Sorry, I don't transfer out points but can assist you with a rental.

David


----------



## DisOwl

I am sending you a pm regarding rentals.  Thanks.


----------



## DisOwl

David, can you please respond to my pm?  Thanks.


----------



## Daddio

DisOwl said:


> David, can you please respond to my pm?  Thanks.



There are no PM's from you in my IN box.You can try again, or send me an e-mail or telephone me toll free.

David


----------



## jennybobenny

Hi,
We have 350 BWV (Sept. use year) points we'd like to transfer. We did business last year also. Wondering what your going rate is. 
My email address is tjsmith12@comcast.net 
Look forward to hearing from you.
Thanks,
Jen


----------



## Daddio

jennybobenny said:


> Hi,
> We have 350 BWV (Sept. use year) points we'd like to transfer. We did business last year also.
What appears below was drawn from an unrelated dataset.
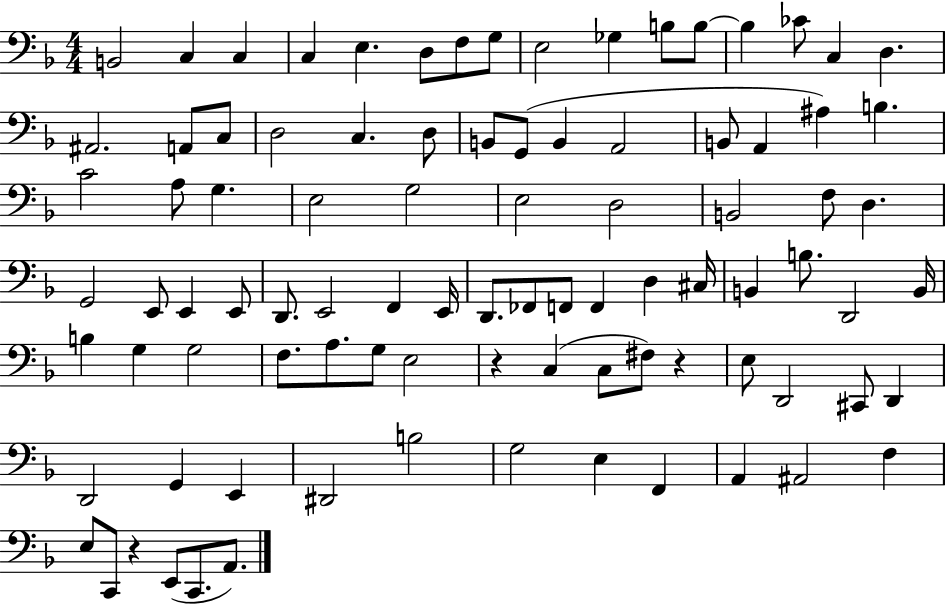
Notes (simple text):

B2/h C3/q C3/q C3/q E3/q. D3/e F3/e G3/e E3/h Gb3/q B3/e B3/e B3/q CES4/e C3/q D3/q. A#2/h. A2/e C3/e D3/h C3/q. D3/e B2/e G2/e B2/q A2/h B2/e A2/q A#3/q B3/q. C4/h A3/e G3/q. E3/h G3/h E3/h D3/h B2/h F3/e D3/q. G2/h E2/e E2/q E2/e D2/e. E2/h F2/q E2/s D2/e. FES2/e F2/e F2/q D3/q C#3/s B2/q B3/e. D2/h B2/s B3/q G3/q G3/h F3/e. A3/e. G3/e E3/h R/q C3/q C3/e F#3/e R/q E3/e D2/h C#2/e D2/q D2/h G2/q E2/q D#2/h B3/h G3/h E3/q F2/q A2/q A#2/h F3/q E3/e C2/e R/q E2/e C2/e. A2/e.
Wondering what your going rate is.
> My email address is tjsmith12@comcast.net
> Look forward to hearing from you.
> Thanks,
> Jen



Hi Jen,

I sent you an e-mail.

David


----------



## wdickerson

I have 160 AKV points and 131 SSR points available.  Both are Oct. 2011 UY.


----------



## Daddio

wdickerson said:


> I have 160 AKV points and 131 SSR points available.  Both are Oct. 2011 UY.
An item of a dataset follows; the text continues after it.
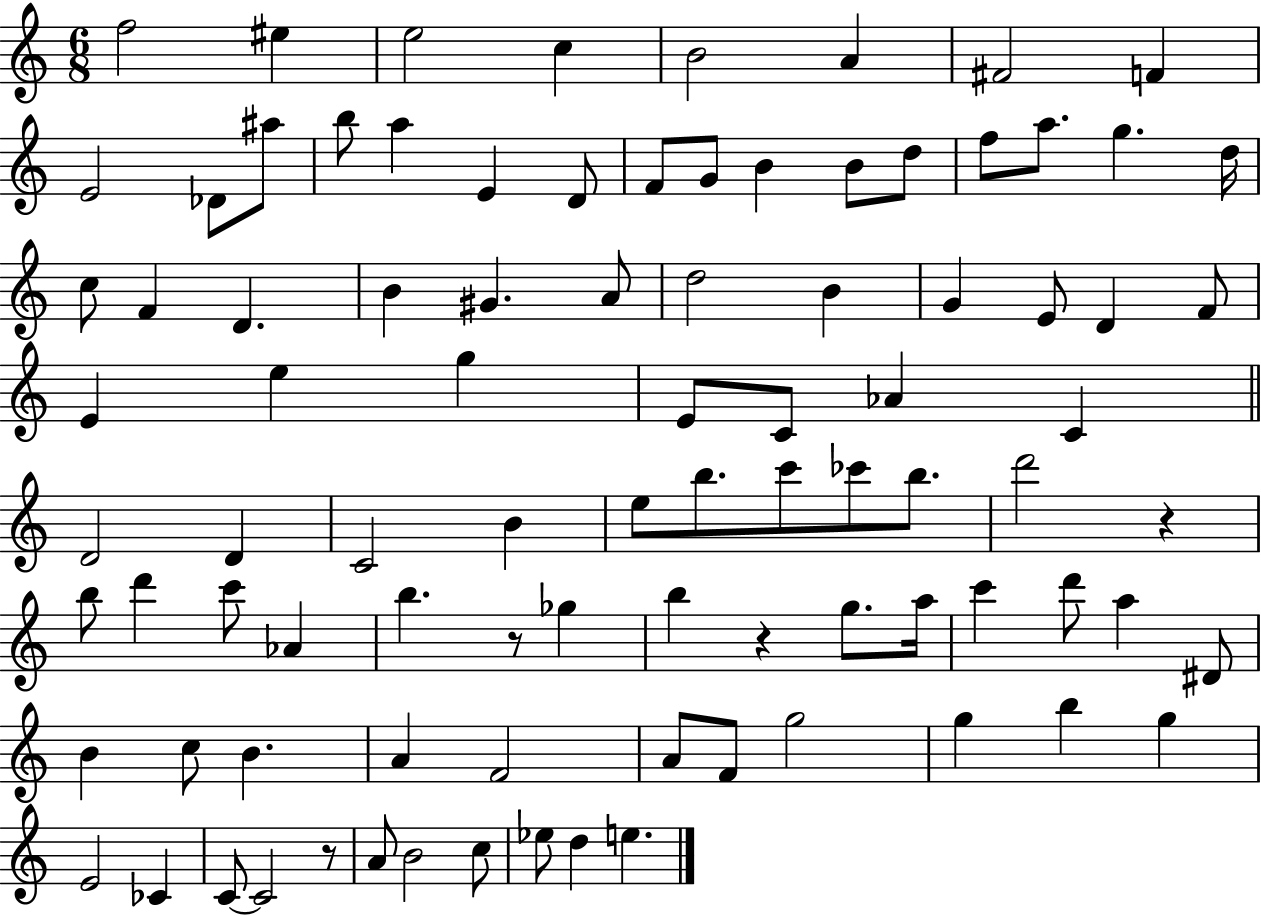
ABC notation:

Thanks but due to the single transfer per year, I need a minimum of 350+.

I can certainly rent them for you on your behalf.

David


----------



## Poohasaurus

I have 250 BCV for February 2012 that I am going to get rid of. Would you be interested?


----------



## Daddio

Poohasaurus said:


> I have 250 BCV for February 2012 that I am going to get rid of. Would you be interested?
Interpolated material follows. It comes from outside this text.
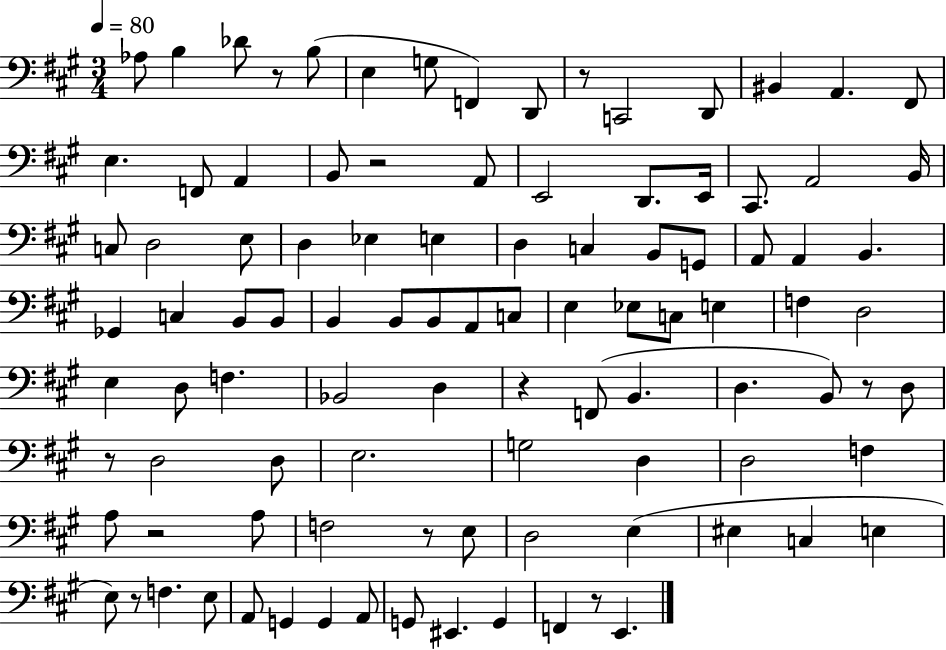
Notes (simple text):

Ab3/e B3/q Db4/e R/e B3/e E3/q G3/e F2/q D2/e R/e C2/h D2/e BIS2/q A2/q. F#2/e E3/q. F2/e A2/q B2/e R/h A2/e E2/h D2/e. E2/s C#2/e. A2/h B2/s C3/e D3/h E3/e D3/q Eb3/q E3/q D3/q C3/q B2/e G2/e A2/e A2/q B2/q. Gb2/q C3/q B2/e B2/e B2/q B2/e B2/e A2/e C3/e E3/q Eb3/e C3/e E3/q F3/q D3/h E3/q D3/e F3/q. Bb2/h D3/q R/q F2/e B2/q. D3/q. B2/e R/e D3/e R/e D3/h D3/e E3/h. G3/h D3/q D3/h F3/q A3/e R/h A3/e F3/h R/e E3/e D3/h E3/q EIS3/q C3/q E3/q E3/e R/e F3/q. E3/e A2/e G2/q G2/q A2/e G2/e EIS2/q. G2/q F2/q R/e E2/q.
Thanks but due to the single transfer per year, I need a minimum of 350+.

I can certainly rent them for you on your behalf.

David


----------



## BrdWlkBride2005

can you email me please? I have questions about renting out my points.  Need details.  Thanks

looplan2@gmail.com


----------



## Daddio

BrdWlkBride2005 said:


> can you email me please? I have questions about renting out my points.  Need details.  Thanks
> 
> looplan2@gmail.com



I've sent you an e-mail but you can also get full details on my rental program by completing this request form:
http://www.dvcrequest.com/disney_vacation_club_members.htm

We are also available by telephone, toll free at 800-610-5791.

WE NEED POINTS. This is our busiest time of the year and we will suffer from point shortages without your assistance.

David


----------



## jlechner

I have 210 points at OKW Aug 2011 use year I am thinking of banking if I can't transfer them.  Are you interested at $10/pt?


----------



## Daddio

jlechner said:


> I have 210 points at OKW Aug 2011 use year I am thinking of banking if I can't transfer them.  Are you interested at $10/pt?



Thank you but I am not interested in OKW point transfers at this time. I would be happy to assist you with renting them if you are interested.

David


----------



## wturpen

Poohasaurus said:


> I have 250 BCV for February 2012 that I am going to get rid of. Would you be interested?



I am interested in a your transfer, are the points still available?


----------



## Daddio

wturpen said:


> I am interested in a your transfer, are the points still available?



No.


----------



## jmkfamily

Hi David,

I have a total of 114 points that are for the October 2011 use year.
it may not be as high as the points you need, but I was checking. We are unable to use them and wanted it to go to good use.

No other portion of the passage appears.